Country living has so many perks: you drink your water from a well; the air smells wonderful; there are tons of places to go swimming; traffic jams are unheard of; people only beep their car horns if they are saying hello; everyone stops for you if your car breaks down on the highway; neighbours give you cookies, cakes and other delectable goodies for Christmas; you go to a potluck supper somewhere at least once a month; friends bring you soup when you are sick; everyone says hello to you – everywhere you go – even teenagers (!); women at the country store call you ‘dear’ or ‘sweetheart’; you can watch wild deer from your living-room window; every summer, you get to see the resident eagle as she teaches a new brood of baby eaglets to fly and everyone stops for pedestrians, crosswalk or no crosswalk.
On the down side, everyone knows everybody’s business: there are no such things as secrets. If you plan to tell just one or two people a certain confidential tidbit about yourself, you might as well just put it on Facebook. The entire community will find out anyway. Oh, and all those delectable goodies our neighbours have been delivering (made with real cream, lots of sugar and TONS of butter, of course) do catch up with you – something you never seem to notice until the first hot day of late spring when you are finally forced to dig out your summer clothes, only to discover that not even God Himself is going to help you attach your pants or button your top.

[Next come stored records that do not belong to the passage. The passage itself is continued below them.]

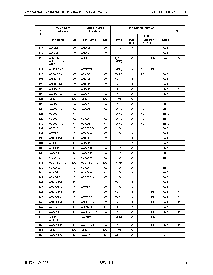 浏览型号RL5C476A的Datasheet PDF文件第9页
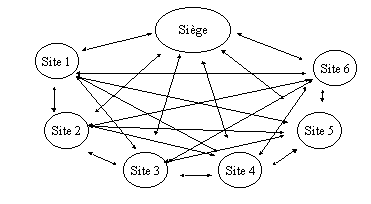 Figure n° 34 :La circulation de l ’information et les divers points de blocages de celle ci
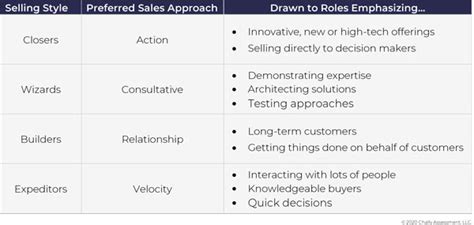 Understanding Four Sales Personality Types Aka Selling Styles Chally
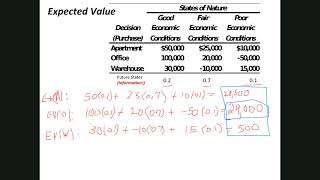 Lesson 6 - Decision Analysis - Risk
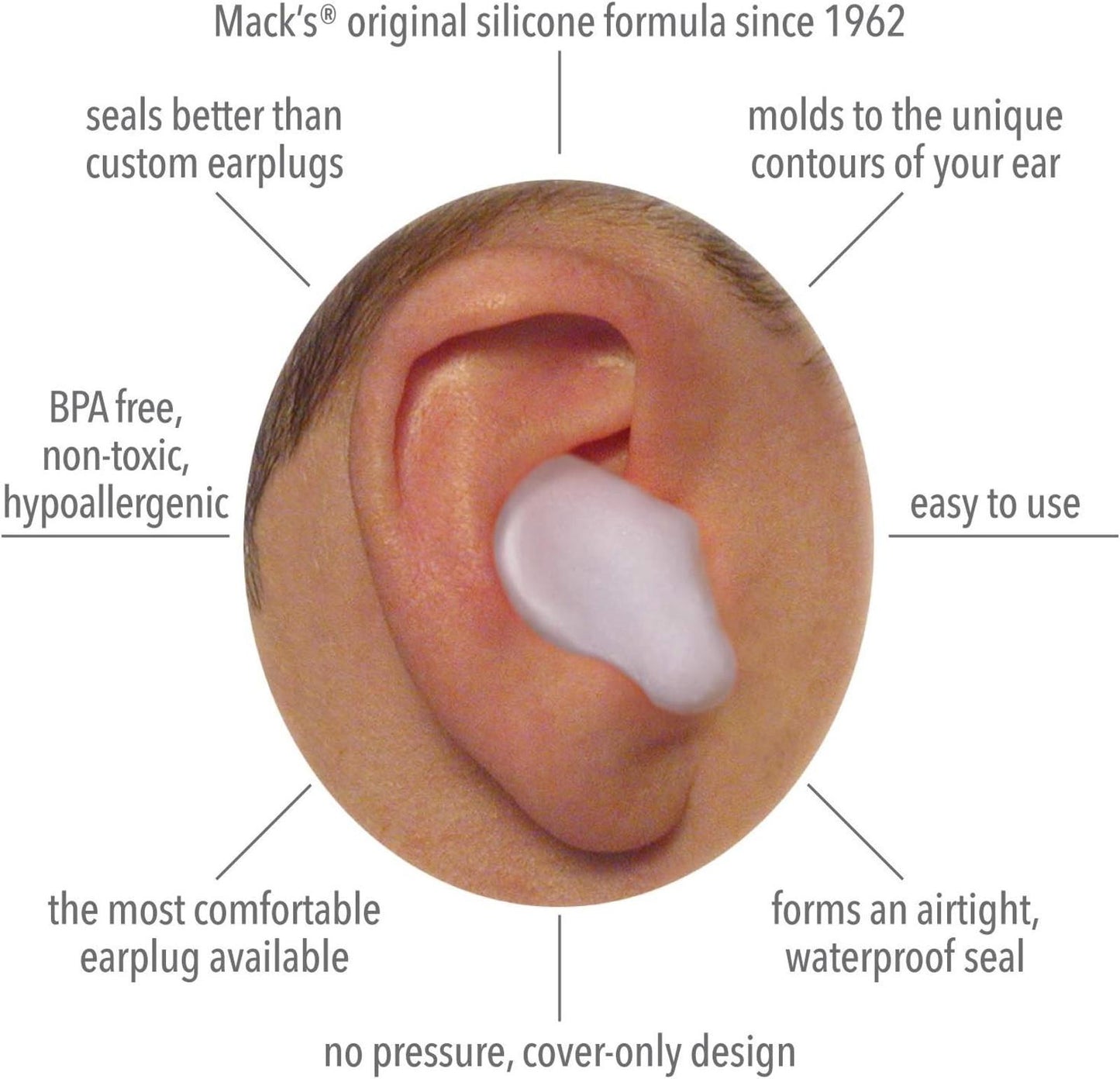 Open Box-Mack's Pillow Soft Silicone Earplugs -6 Pair, Value Pack –(one is used)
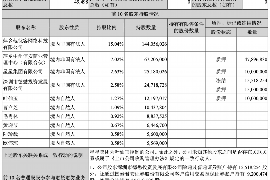 南通工资清欠服务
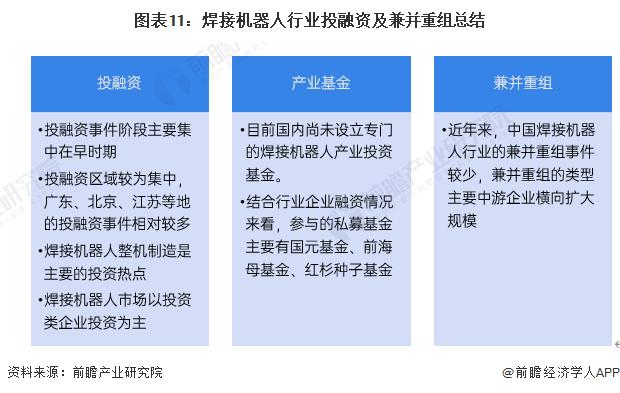 【投资视角】启示2024：中国焊接机器人行业投融资及兼并重组分析(附投融资事件、产业基金和兼并重组等)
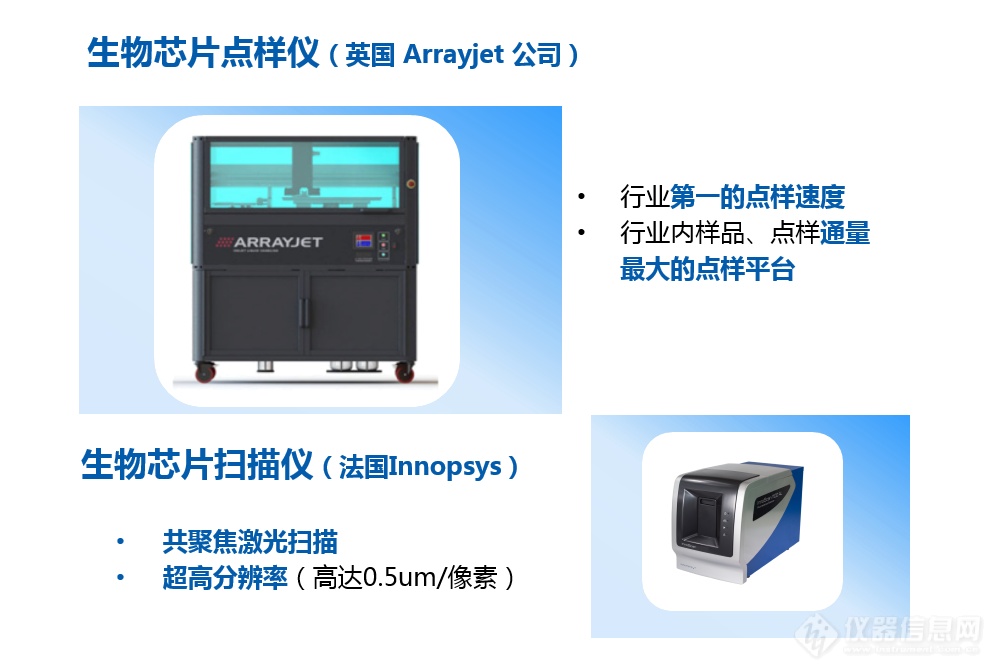 推动大规模设备更新和消费品以旧换新行动方案，Action！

And then there are spiders – lots and lots of spiders. When I was living in the city, I was hard-pressed to see so much as a mosquito. I have come to believe that I rarely saw insects in the city because they all lived here – in the little country village I now call home. On the bright side, while some of our spiders are impressive in size, I have yet to see a wolf spider that is ‘bigger than a golf ball’. I am assured that such monsters are permanent fixtures in our neighbours’ barn, however, should I feel the desire to come and take a peek (thus far, I have declined). I could barely sit outside the first summer we arrived. No matter how much I swept away the cobwebs on our front porch, they had all been built up again by the next morning. It wasn’t until I discovered that the spiders were actually feasting on all the other insects that make the country their home that I finally declared a truce. I have never seen so many flies, beetles and other creepy crawly thingies for which I have no names.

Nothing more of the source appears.